Published: Thursday, February 25, 2010

Updated: Thursday, February 25, 2010

The petty and annoying discourse surrounding Proposition 8 was foreshadowed by the inappropriate legal challenges launched by supporters before it was even approved for the Nov. 2008 ballot. As soon as the petition signatures were certified, the television ads began. Both sides of the debate raised about $40 million and saturated the airwaves with paranoid and inaccurate commercials. Depending on who you asked, banning, or constitutionally enshrining, same-sex marriage would result in catastrophe, human sacrifice, cats and dogs living together, mass hysteria and so on and so forth.
 Ads funded by proponents argued that allowing same-sex marriage would make churches lose tax-exempt status, expose citizens to lawsuits for their private moral beliefs and require government-run schools to transform innocent eight-year-olds into full-fledged homosexuals. The ads produced by opponents were equally childish. One featured Mormon missionaries breaking into a gay couple’s home to steal wedding rings and destroy legal documents, while another trotted out “Desperate Housewives” and “Pussycat Dolls” to lecture viewers about “fundamental rights.” The ads ran day and night on every channel, over and over.

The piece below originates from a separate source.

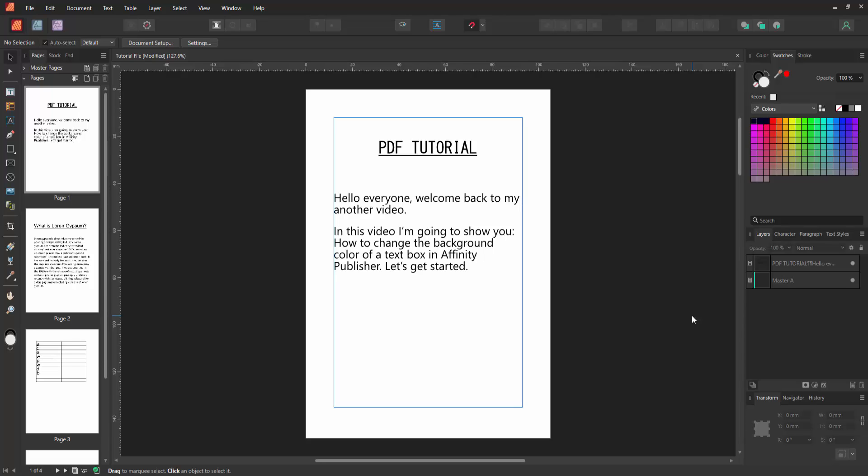In this video, I am going to show you how to change the background color of a text box in Affinity Publisher. Let's get started.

 The protests were equally obnoxious and pointless. Supporters and opponents of Proposition 8 would line up on opposite sides of the street and yell at each other for hours on end. The single most futile and unpleasant local event was the march led by opponents down both sides of University Avenue, blocking traffic for hours, several days after the proposition had already passed. Similarly useless protests occurred around the state.
 The actual arguments either for or against  Proposition 8 were just as bad. Proponents said it was needed, ostensibly, to protect the “traditional ordering of society,” to protect the sanctity of marriage and to defend moral values. This utilitarian weighing of imagined costs and benefits is antithetical to the American conception of law. It has never been the purview of the government to promote morals of any kind or to consciously order society. Rather, this country was founded on the right of individuals to live their lives as they please so long as they don’t infringe on the rights of others. The order that society would eventually take was not defined within these rules, but was allowed to evolve freely.
 What distinguished the Constitution from the law of foreign nations was the idea that government did not bestow legal privileges onto citizens. The people, being free and having rights by nature, allowed government specific and enumerated powers to ensure those very rights were not violated. Though it provided for a democracy, the Constitution was deliberately designed to prevent the tyranny of the majority.
 Domestic partnerships already confer most of the benefits of marriage to same-sex couples and the sky has yet to fall. If conservatives are concerned about the legal ramifications same-sex marriage might have on public schools or the tax status of a church, and not godless sodomites themselves, then the problem lies with the legal recognition of all forms of marriage, not with homosexuals’ participation in it.
 The argument that Proposition 8 strips homosexuals of a fundamental right, as framed by its opponents, is equally suspect. Homosexuals, or any group of consenting adults for that matter, have the right to enter into a religious or legal union. Not allowing these unions is clearly a violation of natural rights. But this isn’t the issue that Proposition 8 opponents raise. Rather, they seek a legal entitlement to receive a license from the government to have a marriage performed by an agent of the state, subject to the terms and conditions laid out by the legislature. Marriage is an expression of freedom of association and freedom of contract. As such, obtaining a license to exercise this right is absurd.
 The proper role of government in marriage, and what gay rights activists should advocate, is for courts to enforce private contracts willingly agreed upon by consenting adults that stipulate terms for mutual property, custody of minor children, durable powers of attorney and the like. This arrangement would preclude the power to deny rights to those one doesn’t approve of, as well as the power to force others to recognize that which they do not approve.